Stories like this are common among the Russian Mennonites who were finally permitted to emigrate in the late 1980s. But for us, this story is special.
Peter, you see, is family.
He is a relative I didn't know we had. My late grandfather had talked of kinfolk who hadn't made it out of Russia. When Stalin scattered what was left of the Mennonites, contact was broken.
Peter was one of those relatives. Thanks to the Gorbachev reforms, he had managed to emigrate to Germany.
Now, in his late 60s, he was here in Canada to meet his extended family.
What a wonderful visit it was! For a month he circulated among us. There were tears, laughter, stories, and rekindled memories as a frozen chapter of family history was thawed and brought to life.
His visit was made possible by some unknown civil servant who went to extra effort to do the job right.

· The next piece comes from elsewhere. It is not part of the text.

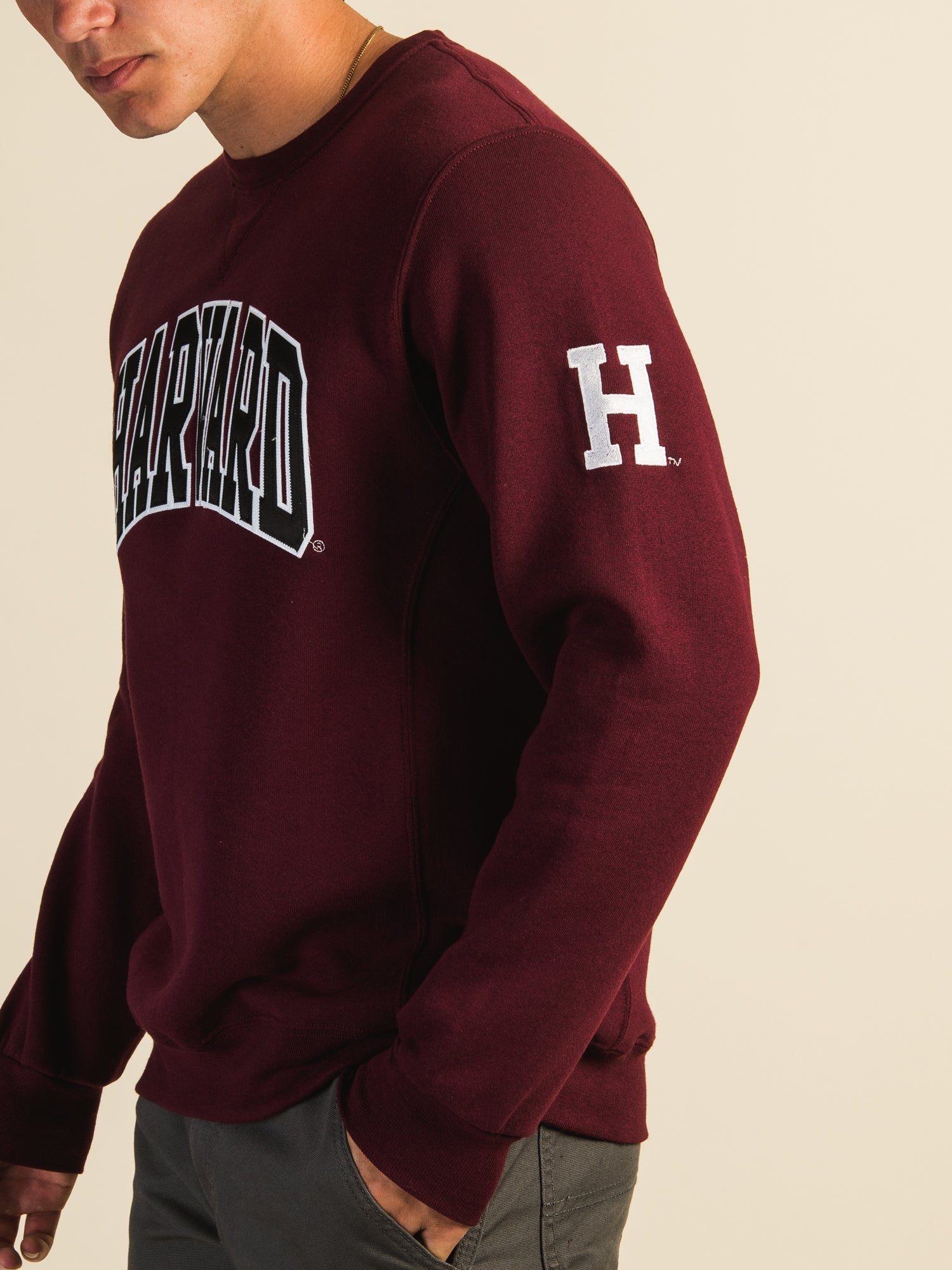 RUSSELL HARVARD SLEEVE EMBROIDERED CREW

Maybe he was someone who believes in doing everything as unto the Lord.
Peter Epp had been at a loss as to how to track down his missing family. When he settled in Germany, he wrote a letter to my maternal grandmother, not knowing she had passed away ten years earlier. He addressed it to Margaret Epp, Steinbach USA.
Right town. Wrong country.
The USA is a big place. Steinbach isn't. It's a town of about 9,000 in southeastern Manitoba. Not many American postal clerks have ever heard of it. Who knows what head-scratching the letter caused when none of the fifty states had a Steinbach. Someone, however, must have cared enough to check another country. If they hadn't bothered, no one would have noticed.
Whatever they did, it worked. After two months the letter finally arrived in the right town, where the name Epp is well-known. Soon we were reconnected.
I'd heard of this kind of thing happening to celebrities, like the foreign letter sent years ago to Billy Graham, Many Apples, Many Sodas. I didn't think it was still possible in this day of electronic sorting and dead-letter boxes.
So now we have a bigger family. An expanded circle of fellowship. A new store of precious memories.
We also have enduring gratitude for some anonymous friend in a postal station somewhere.Someone who knows the meaning of second-mile service.